Friday, 20 January 2012

Ik heb trek in een kopje thee!

So today's library marathon has been somewhat productive. The thesis and I have been working well and so far so good. As anyone writing up will tell you, monotony is the most difficult thing to overcome while doing so . So today's change of scene, the library rather than the office, was an attempt to defeat the monotonous monster!
While writing about what I've been researching over the past three years it seems fitting that I'm also thinking about what's to come. So I suppose it like being in purgatory, a nice one, between St Andrews and Webster. Fondly reminiscing while excitedly looking forward to what's next.
A few things are certain and learning Dutch is one of these certainties. So 'Hugo' has promised to help me along the way, in three months, an ambitious man if I've ever met one!
Throughout the years I've built up quite a collection of books of this nature . Greek, French, German, Latin, 'African' dialects - some more useful than others. The usual approach is to find a phrase that resonates ie. one you'll have to use and see if you can actually say it, remember it and make it your own. Gives a wee bit of confidence before nose-diving in and attempting the grammar and everything else.
So flicking through in great anticipation of Hugo's confidence, I found the phrase that will inspire me to knuckle down and learn the language as required.
Tea, for me, solves everything! I'm a great believer that no matter what the problem is, big or small, a wee cuppa tea will at least give me time to sit and think it over for 15minutes. Tea, like Hugo may become for all my Dutch linguistic needs, is always there to help in times of study, writing, time with friends, time to curl up with a good book....so one thing I need to be able to ask for, of course, is a cup of tea.
Repeat after me [says Hugo] Ik heb trek in een kopje thee

Three months is ambitious but at least I'll be able to study with a cuppa tea!

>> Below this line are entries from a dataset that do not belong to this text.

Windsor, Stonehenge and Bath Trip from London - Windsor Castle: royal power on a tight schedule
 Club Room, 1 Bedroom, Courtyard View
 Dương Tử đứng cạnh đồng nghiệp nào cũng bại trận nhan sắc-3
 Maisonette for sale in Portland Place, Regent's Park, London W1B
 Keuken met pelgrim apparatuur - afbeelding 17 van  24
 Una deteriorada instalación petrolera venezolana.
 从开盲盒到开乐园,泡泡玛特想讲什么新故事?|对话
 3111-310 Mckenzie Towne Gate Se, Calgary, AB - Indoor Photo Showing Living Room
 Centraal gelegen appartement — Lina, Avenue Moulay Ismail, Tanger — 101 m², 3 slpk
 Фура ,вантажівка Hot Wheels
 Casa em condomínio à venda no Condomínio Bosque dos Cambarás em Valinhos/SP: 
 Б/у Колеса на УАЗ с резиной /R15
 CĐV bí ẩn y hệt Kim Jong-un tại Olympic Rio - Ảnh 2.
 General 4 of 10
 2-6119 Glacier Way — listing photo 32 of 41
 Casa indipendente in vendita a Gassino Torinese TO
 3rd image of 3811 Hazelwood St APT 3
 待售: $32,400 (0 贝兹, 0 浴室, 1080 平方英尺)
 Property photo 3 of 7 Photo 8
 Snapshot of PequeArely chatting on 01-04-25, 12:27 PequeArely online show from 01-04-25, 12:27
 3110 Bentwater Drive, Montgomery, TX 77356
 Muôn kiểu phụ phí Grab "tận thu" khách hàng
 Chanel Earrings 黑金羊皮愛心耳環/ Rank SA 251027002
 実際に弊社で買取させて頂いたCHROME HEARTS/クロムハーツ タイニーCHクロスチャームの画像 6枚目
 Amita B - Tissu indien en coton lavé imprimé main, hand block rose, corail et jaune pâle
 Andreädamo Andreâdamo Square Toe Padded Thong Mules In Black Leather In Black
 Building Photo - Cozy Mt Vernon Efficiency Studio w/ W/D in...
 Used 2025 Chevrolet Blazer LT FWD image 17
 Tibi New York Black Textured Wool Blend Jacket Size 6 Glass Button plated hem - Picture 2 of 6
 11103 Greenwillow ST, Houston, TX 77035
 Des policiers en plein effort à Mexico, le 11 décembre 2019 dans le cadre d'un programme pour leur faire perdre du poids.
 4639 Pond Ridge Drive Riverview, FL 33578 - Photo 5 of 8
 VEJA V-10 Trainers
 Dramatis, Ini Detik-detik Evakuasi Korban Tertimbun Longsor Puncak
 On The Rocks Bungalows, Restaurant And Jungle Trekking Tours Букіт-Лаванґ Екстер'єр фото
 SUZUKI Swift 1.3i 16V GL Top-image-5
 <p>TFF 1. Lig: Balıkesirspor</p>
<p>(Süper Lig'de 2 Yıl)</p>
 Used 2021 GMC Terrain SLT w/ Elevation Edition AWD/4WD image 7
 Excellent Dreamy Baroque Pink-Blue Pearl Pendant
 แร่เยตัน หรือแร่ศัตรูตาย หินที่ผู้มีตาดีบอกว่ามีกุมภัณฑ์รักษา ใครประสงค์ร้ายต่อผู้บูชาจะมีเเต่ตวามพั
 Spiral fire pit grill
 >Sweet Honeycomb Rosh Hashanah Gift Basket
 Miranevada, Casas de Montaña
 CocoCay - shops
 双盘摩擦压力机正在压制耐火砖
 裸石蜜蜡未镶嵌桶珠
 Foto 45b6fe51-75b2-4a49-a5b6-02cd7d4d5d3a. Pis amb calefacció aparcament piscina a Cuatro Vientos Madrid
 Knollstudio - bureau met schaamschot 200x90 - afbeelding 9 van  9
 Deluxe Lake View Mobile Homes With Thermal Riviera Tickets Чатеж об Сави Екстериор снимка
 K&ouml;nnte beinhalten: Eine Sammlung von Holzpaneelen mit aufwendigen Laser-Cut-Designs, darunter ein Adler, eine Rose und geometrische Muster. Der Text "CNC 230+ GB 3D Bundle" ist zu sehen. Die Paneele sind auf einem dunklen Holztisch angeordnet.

Now, back to the library...


Tuesday, 17 January 2012

So here is the first of many wee thoughts that will be posted here for all to see.
It's one month until my last High Table at Sallies, I'm editing, editing and editing some more and beginning to see that over the past three years researching, studying,writing and discovering lots of little unknowns that there is a glimmer of PhD there if you wipe it clean of blood sweat and tears, I'm really starting to feel that I'm coming to the end of an era.
It's all been very abstract so far, talking about when I move rather than implementing anything to actually make the move, that was of course until last week. Deposits paid, a new address secured, a man with a van sending me 20 medium boxes and a bike box in which I have to pack up and send across the sea to old Amsterdam, business cards finalised and my new email address activated. Not to mention a new Assistant Warden being appointed at Sallies and a new Tutor at UoC Edinburgh. I've signed, sealed, arranged to pack and deliver, I'm ready to go...it's no longer talking, it's moving!
I'm really excited for everything to come. Its not a bad start to the year, the year I finish one major thing (that PhD thing) and begin at a new university, for the first time not as a student but as a faculty member.
I'm also terrified but in the same way as I was when I was standing on the edge of a bridge with nothing but a bungee rope tied around my waist, I was paralysed with fear, the last thing I wanted to do was jump, the only thing I was demanding of the safety guys around me was to make me jump...somehow the adrenaline rush is worth the terror, it actually makes the terror somewhat pleasurable. Now this is a very extreme way to describe the move to Holland but I cant pretend that the adrenaline isn't pumping and that the thought of the jump isn't terrifying.
Having been at university as a student for 9 years I'm starting a fresh at a new university, something I have enjoyed many a time before, but the fresh start is as a faculty member at a University were I have never been a student. This will be a strange and exciting new experience.
Anew place, a new life style, a new language and everything else in between.
For now the anticipation and adrenaline is keeping the motivation up. The nerves keep me writing and keep me to a self-imposed and grueling structure, the reward....a wee apartment by the canal, my bike, Webster and everything else I'm yet to discover.